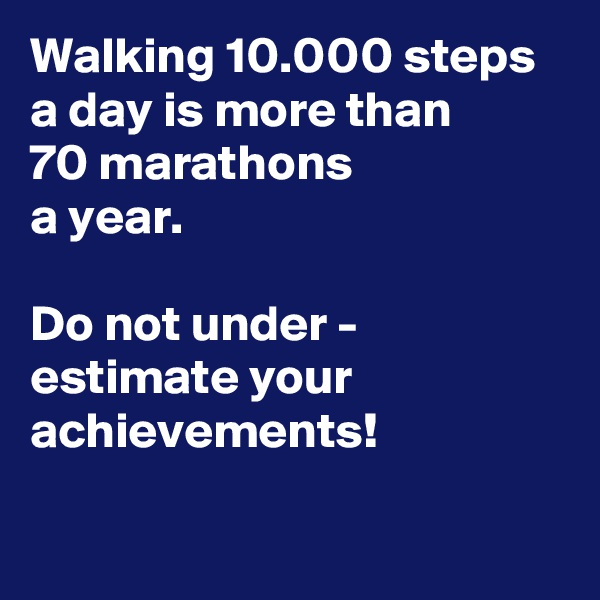 Walking 10.000 steps a day is more than
70 marathons 
a year.

Do not under - estimate your achievements! 

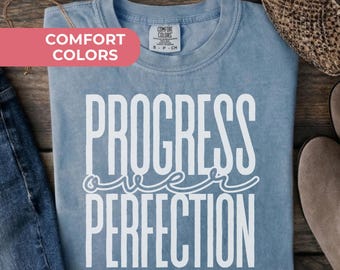Progress Over Perfection Shirt, Gift for Teacher, Teacher Appreciation, Inspirational Teacher Shirt : Comfort Colors Cotton Tee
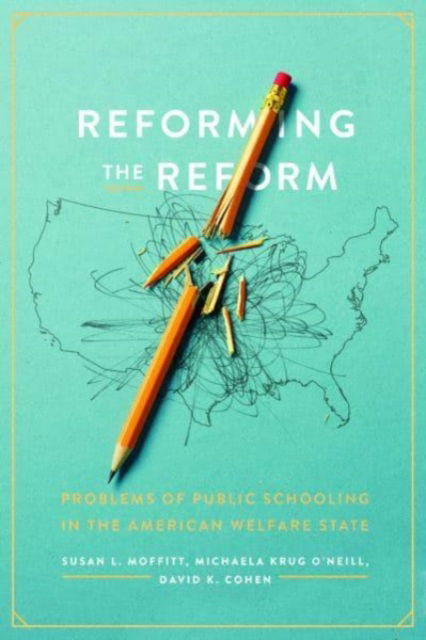 Reforming the Reform: Problems of Public Schooling in the American Welfare State - Susan L. Moffitt - Livros - The University of Chicago Press - 9780226826943 - 18 de agosto de 2023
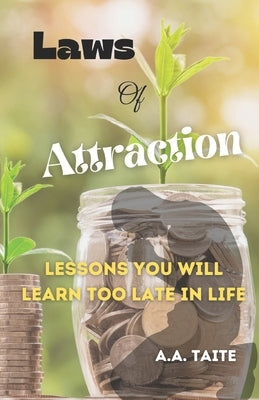Laws Of Attraction: Lessons You Will Learn To Late In Life by Taite, A. a.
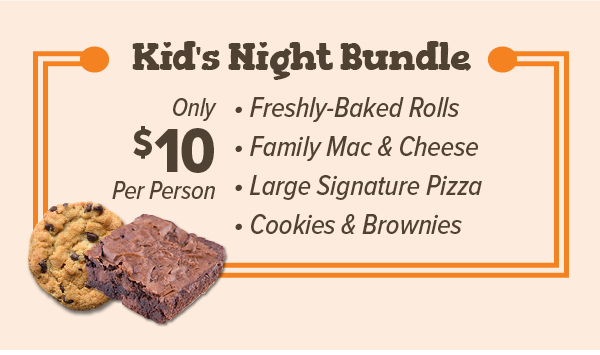 Kids Night Bundle - Only $10 per person. Comes with Freshly-Baked rolls, Family Mac & Cheese, Large Signature Pizza, Cookies and Brownies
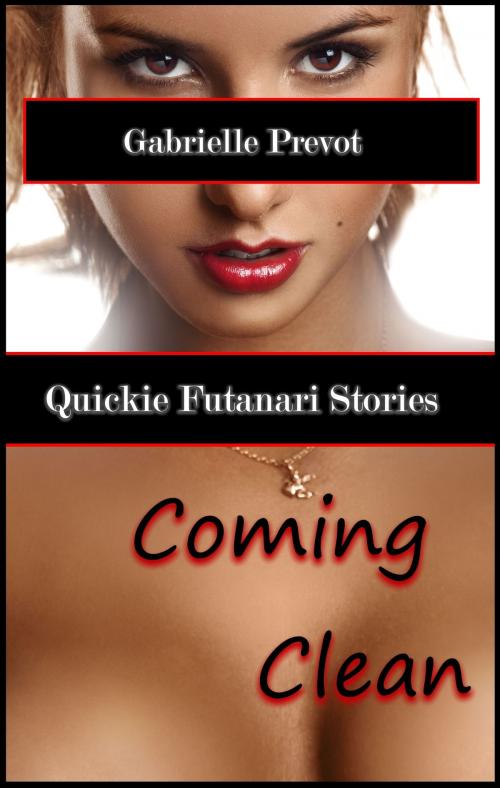Cover of the book Quickie Futanari Stories: Coming Clean by Gabrielle Prevot, Gabrielle Prevot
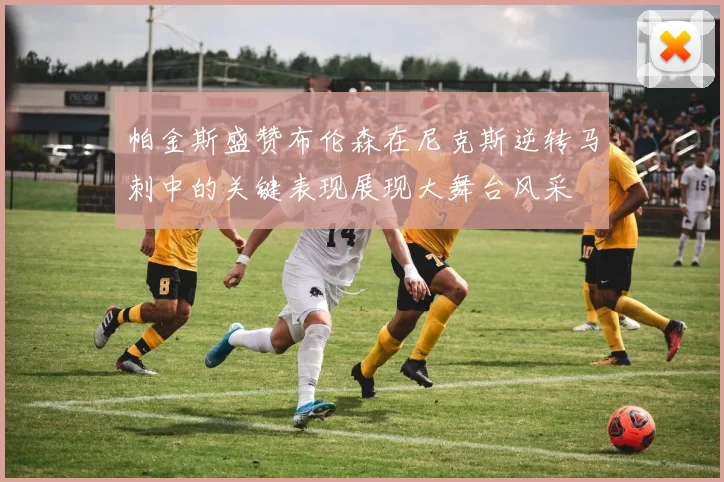 帕金斯盛赞布伦森在尼克斯逆转马刺中的关键表现展现大舞台风采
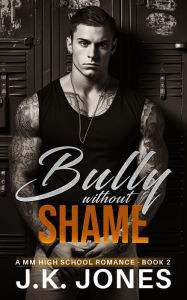 Title: The Bully Without Shame: MM High School Romance, Author: J.K. Jones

=-=-=

--- EXERCISE AIM ---
Nothing but the lines from the one containing "Progress Over Perfection" through the last line of the material may appear in the answer, transcribed exactly and with no pictures.

--- OUTPUT FOR THIS TASK ---
Progress Over Perfection Shirt, Gift for Teacher, Teacher Appreciation, Inspirational Teacher Shirt : Comfort Colors Cotton Tee
 Reforming the Reform: Problems of Public Schooling in the American Welfare State - Susan L. Moffitt - Livros - The University of Chicago Press - 9780226826943 - 18 de agosto de 2023
Laws Of Attraction: Lessons You Will Learn To Late In Life by Taite, A. a.
 Kids Night Bundle - Only $10 per person. Comes with Freshly-Baked rolls, Family Mac & Cheese, Large Signature Pizza, Cookies and Brownies
Cover of the book Quickie Futanari Stories: Coming Clean by Gabrielle Prevot, Gabrielle Prevot
 帕金斯盛赞布伦森在尼克斯逆转马刺中的关键表现展现大舞台风采
 Title: The Bully Without Shame: MM High School Romance, Author: J.K. Jones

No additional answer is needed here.